Problem to solve: Copy the data precisely, character for character, and leave out every picture.

Data:

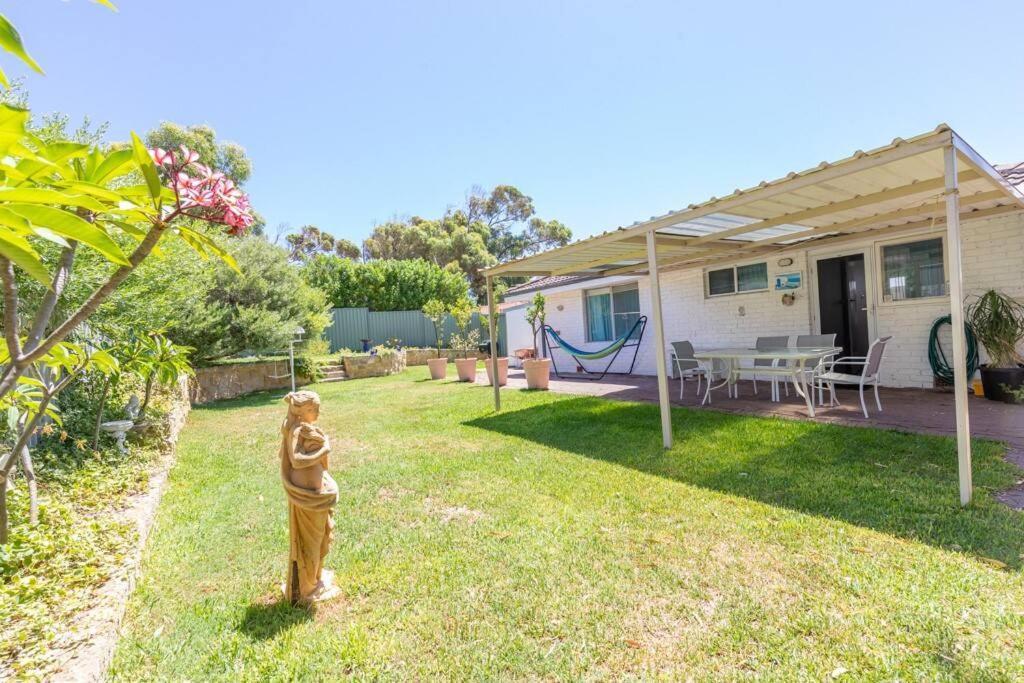 Shabby Chic Shack - 2 Bedroom Beach Cottage Yanchep Esterno foto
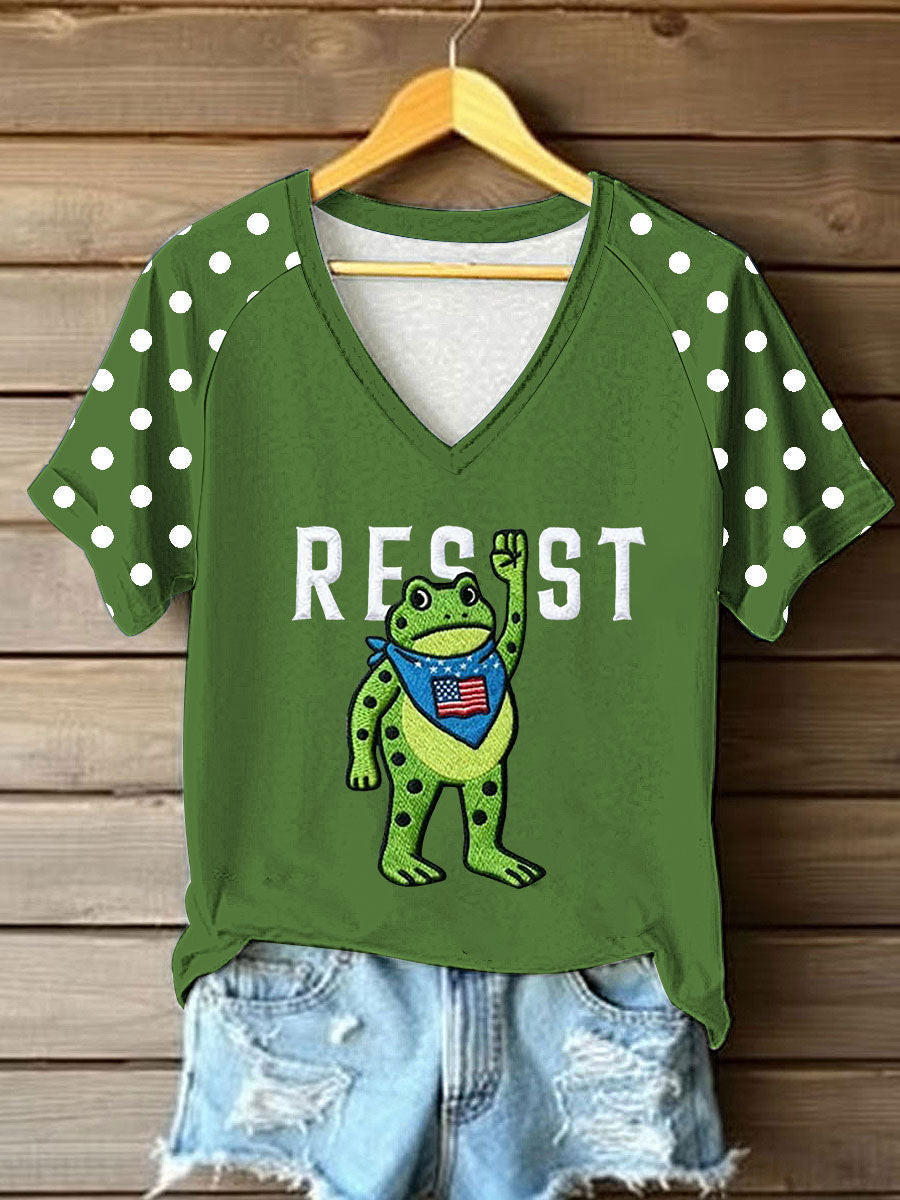 Portland Frog Resist V-neck T-Shirt No Kings In America Shirt Portland Frog Merch Portland Frog Resist V-neck T-Shirt No Kings In America Shirt Portland Frog Merch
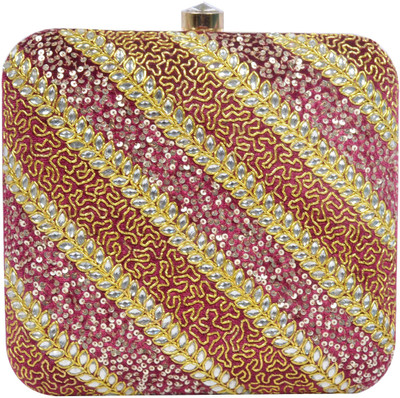 

Tooba Handicraft Party Maroon Clutch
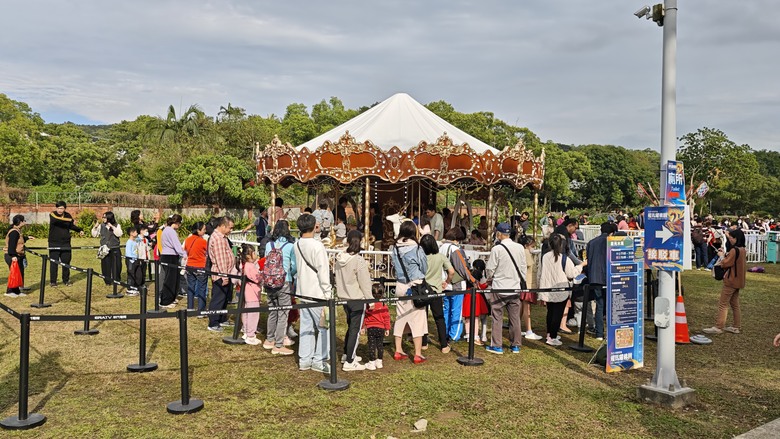 春節過後之走春 & 春酒行 - 桃園燈會 / 新東南海鮮餐廳 / 建國花市~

Answer to the exercise:
 Shabby Chic Shack - 2 Bedroom Beach Cottage Yanchep Esterno foto
 Portland Frog Resist V-neck T-Shirt No Kings In America Shirt Portland Frog Merch Portland Frog Resist V-neck T-Shirt No Kings In America Shirt Portland Frog Merch

Tooba Handicraft Party Maroon Clutch
 春節過後之走春 & 春酒行 - 桃園燈會 / 新東南海鮮餐廳 / 建國花市~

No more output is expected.